Further whetting risk appetite was signs of progress on Syria, all of which helped Australian shares to a five-year peak and South Korea to a six-month high.
Summers' surprise decision comes just before the central bank meets on Tuesday and Wednesday to decide when and by how much to scale back its asset purchases from the current pace of $85 billion a month.
Investors wagered that US monetary policy would stay easier for longer should the other leading candidate for Fed chair, Janet Yellen, get the job.
Markets had perceived Summers as less wedded to aggressive policies such as quantitative easing and more likely to scale it back quicker than the more dovish Yellen, who is currently second in command at the Fed.
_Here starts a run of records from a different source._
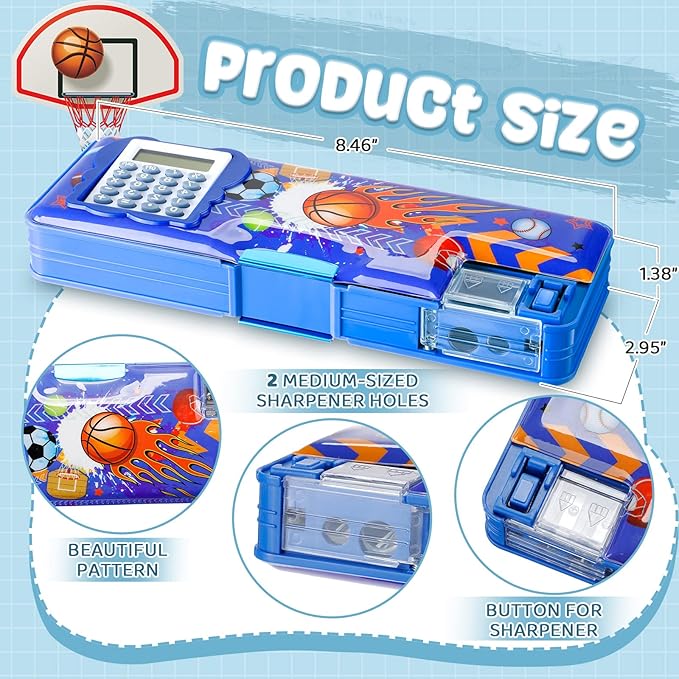 Henoyso Multifunctional Pencil Box for Boys Basketball Pencil Case with Calculator and Sharpener Cool Cute Pencilcase School Supplies Essentials Christmas Birthday Gift Present for Kids Teen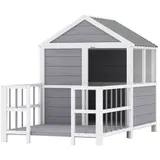 Outdoor Dog House — 61"L Wooden Dog House with Porch — photo 1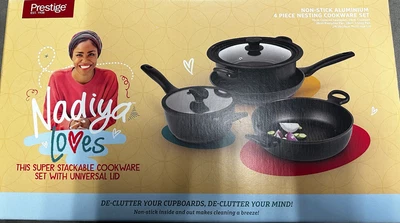 £65 • Buy Nadiya Hussain Stackable Non-Stick 4 Piece Pan Set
"Short-term interest rates are going to remain at zero for longer than you ever would have imagined," should Yellen get the chair, said Chris Rupkey, chief financial economist at Bank of Tokyo-Mitsubishi UFJ.
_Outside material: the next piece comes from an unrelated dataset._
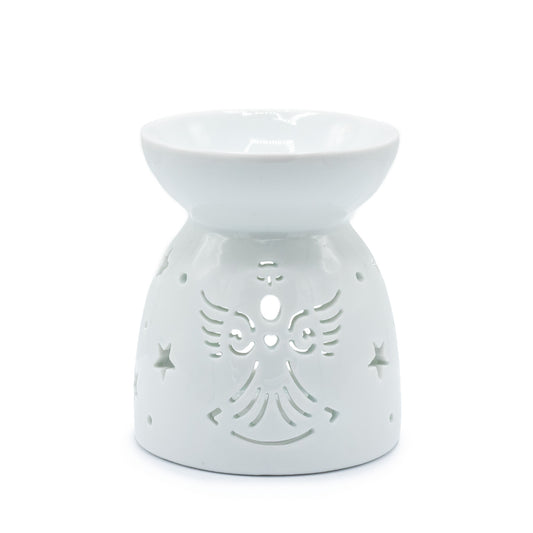 Carefully sourced by The Original Candle Company and featuring a cut-out Angel design in white, this oil burner and wax warmer will make an attractive decoration in any room.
It was even possible a first hike would be pushed out into 2016, rather than 2015 as currently planned, he said. Going by Yellen's past speeches, she would likely make getting the jobless rate down a priority.
"Yellen looks like the clear front-runner, and seems to be the public's popular choice," he argued. "The Fed will shoot to lower the unemployment rate to the full employment level and this means the new target could be more 5.5%, not 6.5%."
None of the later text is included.